What Doesn't Work (By Design)

  • UPDATE - Not supported. Insert a new version instead. This is intentional for append-only versioned data.
  • Out-of-order inserts - Versions must be inserted in order within each group
  • Hidden columns - The internal _xp_seq column is visible in SELECT * (PostgreSQL limitation)

Utility Functions

-- Describe a table: shows config, schema, and storage stats
SELECT * FROM xpatch.describe('documents');

-- Warm the cache for faster subsequent queries
SELECT * FROM xpatch.warm_cache('documents');
SELECT * FROM xpatch.warm_cache('documents', max_groups => 100);

-- Get compression statistics
SELECT * FROM xpatch_stats('documents');

-- Inspect internal storage for a specific group (debugging/analysis)
SELECT * FROM xpatch_inspect('documents', 1);  -- group_value = 1

-- Get cache statistics (requires shared_preload_libraries)
SELECT * FROM xpatch_cache_stats();

-- Get xpatch library version
SELECT xpatch_version();

-- Dump all table configs as SQL (for backup/migration)
SELECT * FROM xpatch.dump_configs();

-- Fix config OIDs after pg_restore
SELECT xpatch.fix_restored_configs();

Performance

Storage Compression

Space savings depend heavily on your data patterns. Here are real benchmarks with 5000 rows (100 documents x 50 versions each):

Data Pattern xpatch Size heap Size Space Saved
Incremental changes (base content + small additions) 416 KB 9.2 MB 95% smaller
Identical content across versions 488 KB 648 KB 25% smaller
Completely random data 816 KB 728 KB 12% larger (overhead)

Key insight: xpatch shines when versions share content.

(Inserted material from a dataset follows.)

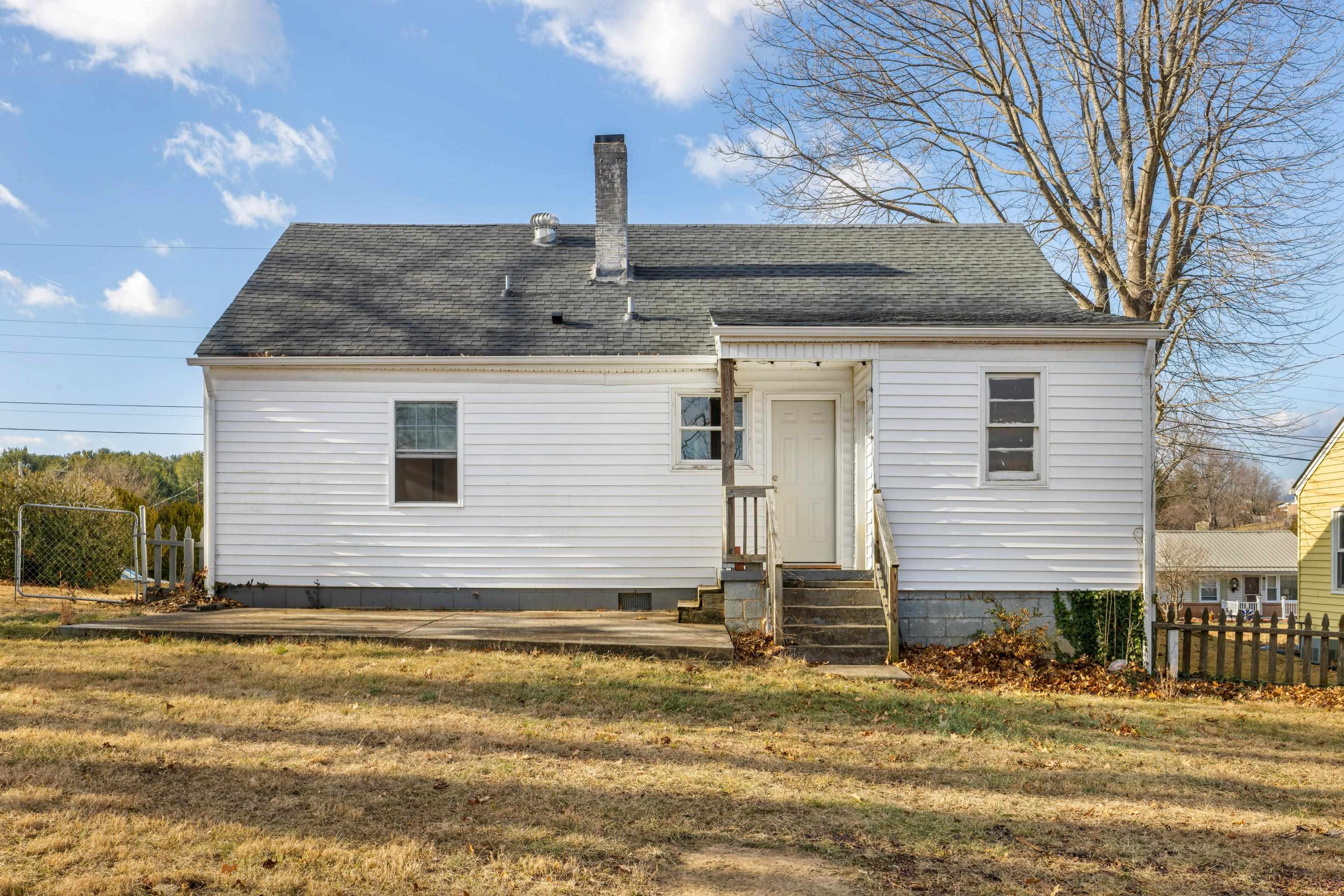 103 GEORGE ST, STAUNTON, Virginia 24401, 3 Bedrooms Bedrooms, ,1 BathroomBathrooms,Residential,103 GEORGE ST,672321 MLS # 672321 103 GEORGE ST, STAUNTON, Virginia 24401, 3 Bedrooms Bedrooms, ,1 BathroomBathrooms,Residential,103 GEORGE ST,672321 MLS # 672321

For typical document versioning (where each version is similar to the previous), expect 10-20x space savings. For random/unrelated data, xpatch adds overhead and provides no benefit.

Query Performance

Important: These benchmarks are rough indicators, not precise measurements. Your mileage will vary based on hardware, data patterns, cache state, and query complexity.

Benchmark setup: 10,100 rows (101 documents x 100 versions), incremental text data. xpatch: 776 KB, heap: 17 MB.

Operation xpatch heap Slowdown
Full table COUNT
- Cold cache 44ms 2.6ms 17x slower
- Warm cache 20ms 1.4ms 14x slower
Point lookup (single doc, 100 rows) 0.7ms 0.05ms 14x slower
Point lookup (single row) 0.13ms 0.02ms 6x slower
GROUP BY aggregate 27ms 3ms 9x slower
Latest version per doc 28ms 5.5ms 5x slower
Text search (LIKE) 3.4ms 1.5ms 2x slower
INSERT (100 rows) 33ms 0.3ms 100x slower
Parallel scan (2 workers) 31ms 3.5ms 9x slower

Key observations:

  • Reads are 5-17x slower due to delta reconstruction overhead
  • Writes are ~100x slower due to delta encoding (this is the main trade-off)
  • Cache helps but doesn't eliminate the reconstruction cost
  • Indexed lookups are faster than full scans but still have overhead

A note on write performance:

"100x slower" sounds alarming, but look at the absolute numbers: 33ms for 100 rows is ~0.33ms per row. For versioned document storage, audit logs, or real-time collaboration (saving state every few seconds), sub-millisecond writes are more than fast enough.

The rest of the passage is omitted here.